After three decades of technology investing, this veteran VC warns against chasing shiny objects and shares the contrarian strategies that generated outsized returns through multiple market cycles.
Key Takeaways
- TCV's 30-year track record proves that growth investing between early-stage venture and buyout private equity offers superior risk-adjusted returns
- Every great technology company goes through a "desert of disillusionment" where investors lose faith before ultimate success emerges
- AI enthusiasm has distracted investors from fundamental business metrics like commercialization timelines and defensible monetization models
- Consumer internet businesses represent undervalued opportunities as venture capital herds toward enterprise software and AI infrastructure
- Technology commercialization consistently takes longer than predicted, with autonomous vehicles and AR/VR still seeking scalable business models
- TCV's concentrated portfolio approach (20-25 investments per fund) requires high conviction rather than early-stage spray-and-pray strategies
- The firm's data intelligence system tracks 11 million technology companies but ultimately invests in only 6-10 annually through rigorous selection
- Long-term holding strategies prove most rewarding despite public market volatility and second-guessing during downturns
The Contrarian Case Against AI Investment Frenzy
Jay Hoag has witnessed every technology hype cycle over three decades, from the internet bubble to mobile computing to today's AI explosion.
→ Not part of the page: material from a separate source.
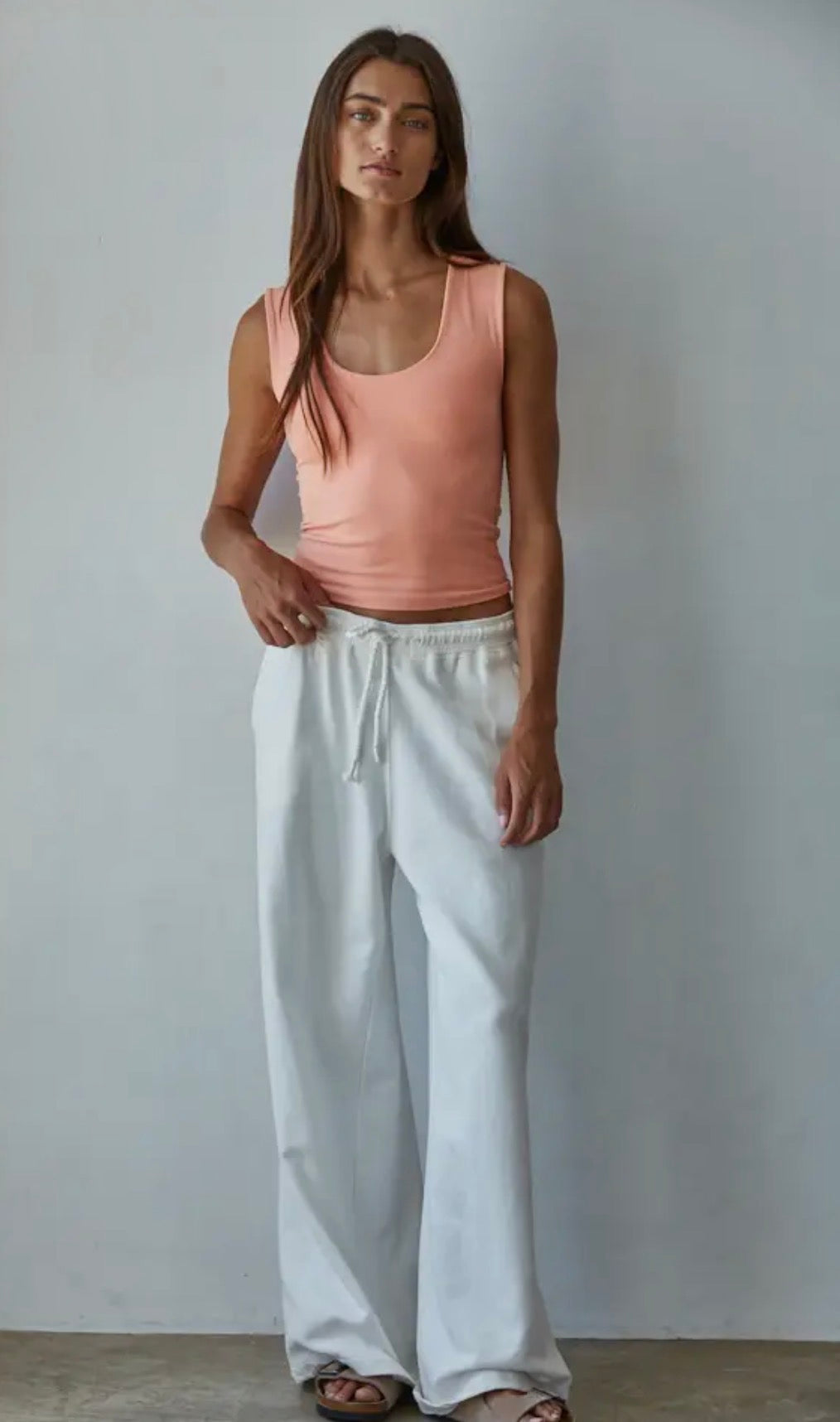 PREORDER • Double Layered Seamless Top || Peachy Pink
His perspective on current AI enthusiasm reflects hard-earned wisdom about distinguishing transformative technology from investment opportunities.
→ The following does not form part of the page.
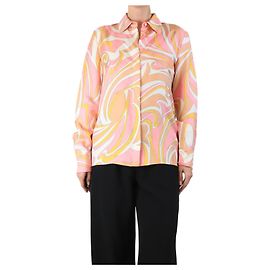 Emilio Pucci Pink printed silk shirt - size UK 12 Pink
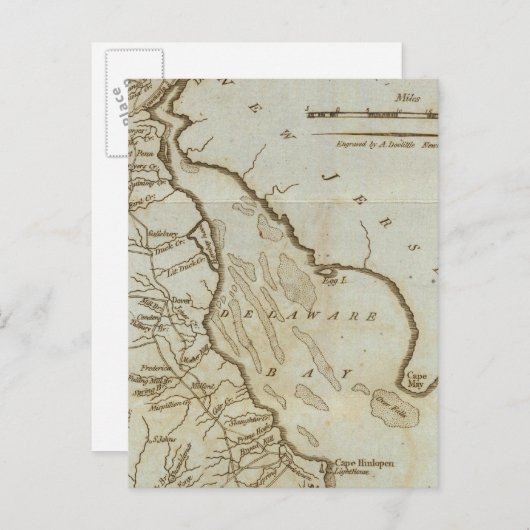 Delaware 3 postkarte (Vorne/Hinten)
"I kind of wish that the AI enthusiasm hadn't distracted everybody," Hoag admits, expressing concern that widespread AI focus has created dangerous blind spots across the venture industry. His skepticism isn't about AI's potential—it's about timing, commercialization challenges, and the human tendency to overestimate near-term impact while underestimating long-term transformation.
The core issue lies in confusing technological capability with business opportunity. Many AI companies today showcase impressive technical demonstrations but struggle with fundamental questions about customer adoption, pricing power, and sustainable competitive advantages. Hoag has seen this pattern repeatedly: breakthrough technologies that capture investor imagination years before generating meaningful revenue.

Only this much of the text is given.